セットプレーから同点、後半はオーストラリアが巻き返し
リードを許したオーストラリアはすぐに反撃します。前半23分、コーナーキックからダニエル・ベニーがヘディングで合わせ、中国ゴールに叩き込み同点としました。
後半に入ると、オーストラリアが持ち前のスタミナを生かして攻勢を強めます。中国ゴールに迫る場面が増え、87分にはネットを揺らす場面もありましたが、このゴールはオフサイドの判定で取り消され、スコアは1-1のまま試合終了を迎えました。
中国はモンゴルに6-0大勝、最終戦はキルギス戦へ
中国U-19代表は、今大会の初戦となった水曜日のモンゴル戦で6-0と大勝しており、このオーストラリア戦の引き分けにより、ここまで1勝1分の成績となりました。
大会日程では、最終戦として11月19日にキルギスとの試合が組まれていました。
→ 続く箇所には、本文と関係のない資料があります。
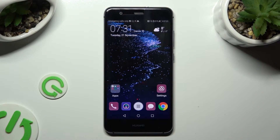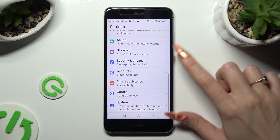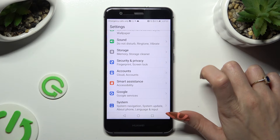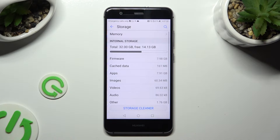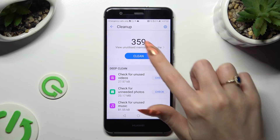First of all, go into device settings and scroll down to access storage section, then tap on clean storage at the bottom. Wait, and last but not least, click on clean.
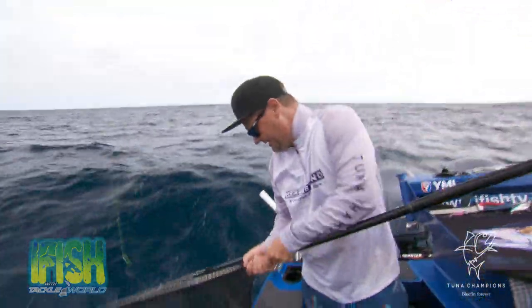Now, we're going to try and tag and release this fish. Straight onto the mat. Yep, that'd be great. There he is.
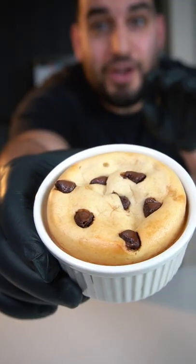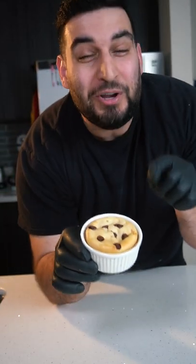Pop this into a 350 degree oven for about 30 minutes. And there you have it, Nutella stuffed cookie dough cups.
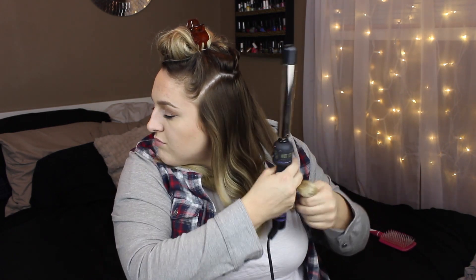It almost looks like beachy waves. I tend not to be too picky about what the bottom layer of curls look like, because they will be covered up by the top layer of curls. I continue this method of curling until the entire bottom layer of hair is curled.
モンゴル戦での大量得点と、オーストラリア戦での接戦という対照的な内容は、中国にとって今後の試合運びやチーム作りを考えるうえで重要な材料になりそうです。
若手育成の視点で見るパンダカップの意味
パンダカップのようなU-19年代の国際大会は、選手たちが海外チームと対戦し、異なるスタイルのサッカーを体感できる貴重な場です。今回の試合からは、次のようなポイントが見えてきます。
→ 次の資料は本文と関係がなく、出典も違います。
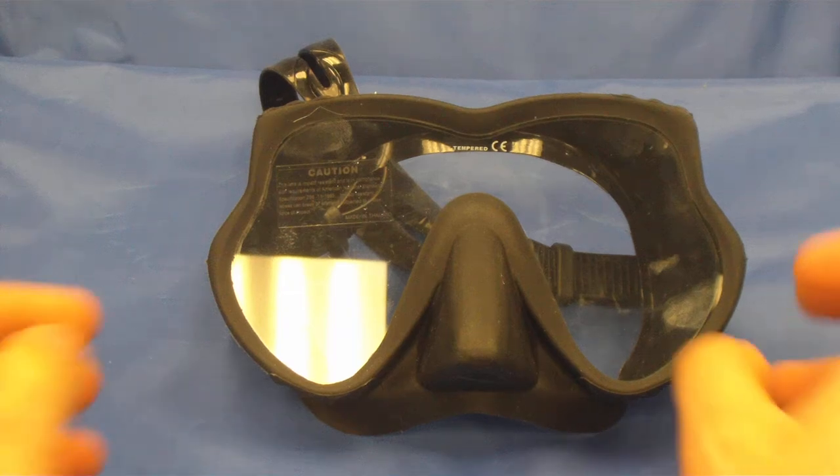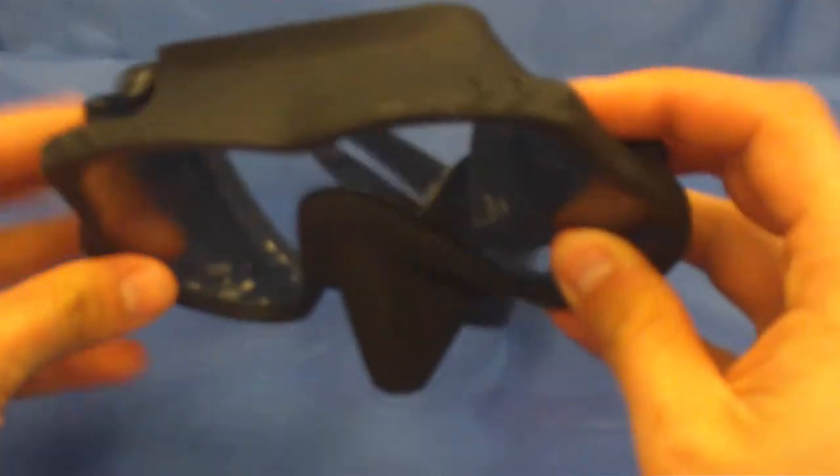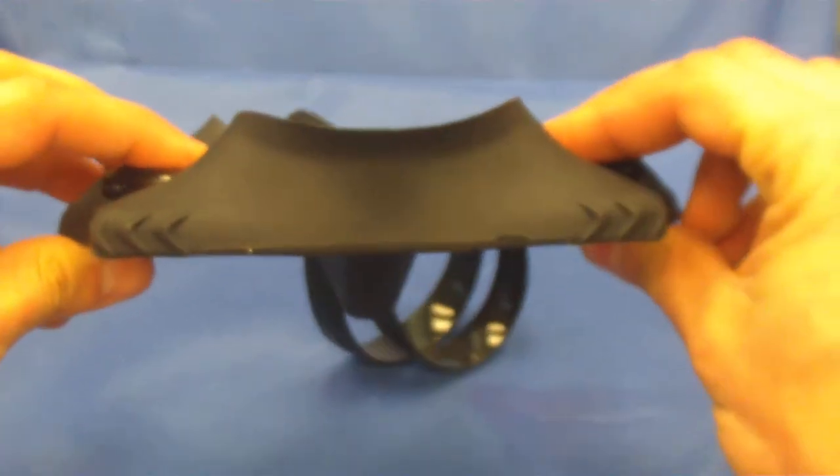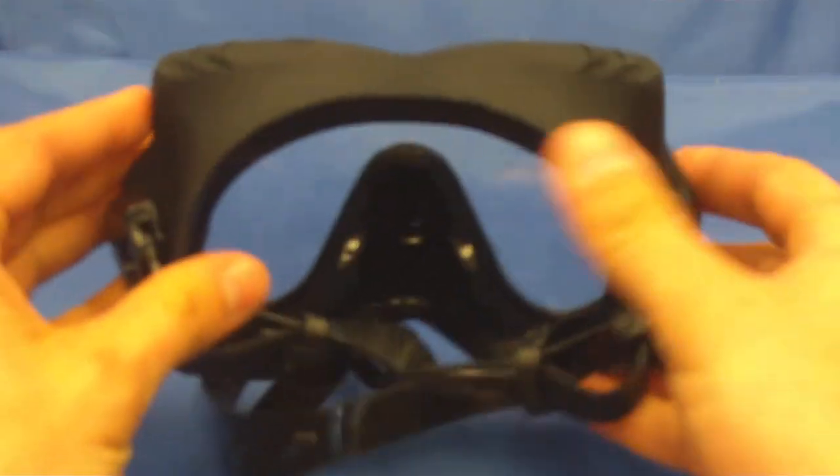This is the Hog Razorback Fin. Nice frameless design. It does fold flat, so if you're going to use it for a backup mask or traveling purposes. Very low profile design, very soft silicone.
- 立ち上がりから主導権を握り、早い時間に得点できる攻撃力
- コーナーキックから失点したように、セットプレー対応の課題
- 後半に押し込まれたことからうかがえる、90分を通した運動量とゲームコントロールの重要性
結果としては引き分けでしたが、強度の高い試合を経験したこと自体が、U-19世代の中国代表にとって大きな財産になります。こうした国際舞台での経験を、各選手がクラブや代表での成長につなげられるかどうかが今後の焦点となります。
スコアだけでなく、どの年代でどの相手と戦い、そこから何を得たのかに目を向けることで、国際サッカーのニュースはより立体的に見えてきます。パンダカップでの一試合は、中国サッカーの現在地と、これからの可能性を静かに映し出していると言えるでしょう。